Introduction to M&A Engagement Letters: Understanding and Negotiating Key Terms
Scope of Services, Fee Structure, Confidentiality, Termination, Indemnification, Tail Obligations

Course Details
- smart_display Format
On-Demand
- signal_cellular_alt Difficulty Level
Beginner
- work Practice Area
Commercial Law
- event Date
Wednesday, August 28, 2024
- schedule Time
1:00 p.m. ET./10:00 a.m. PT
- timer Program Length
60 minutes
-
This 60-minute webinar is eligible in most states for 1.0 CLE credits.
This CLE webinar will provide an introduction to engagement letters between an M&A buyer or seller and its investment banking firm. The panel will examine the principal sections of an engagement letter and discuss effective negotiation strategies.
Faculty

Ms.
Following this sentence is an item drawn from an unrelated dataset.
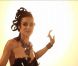 Image du clip de Et je veux danser , de Mélissa Mars. Juin 2011.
Pear specializes in corporate transactions, focusing on securities regulation, corporate governance, and mergers and acquisitions. She has an extensive history of representing 1934 Act reporting companies with respect to their public reporting obligations, as well as their acquisition activities and governance practices. In addition to many years in private practice, Ms. Pear spent several years as in-house counsel at a NYSE-listed publicly-traded natural gas utility where she gained valuable insight into internal corporate workings, as well risk-based and business-oriented decision-making. She also regularly represents clients in Regulation A offerings, private placements, and other corporate transactions.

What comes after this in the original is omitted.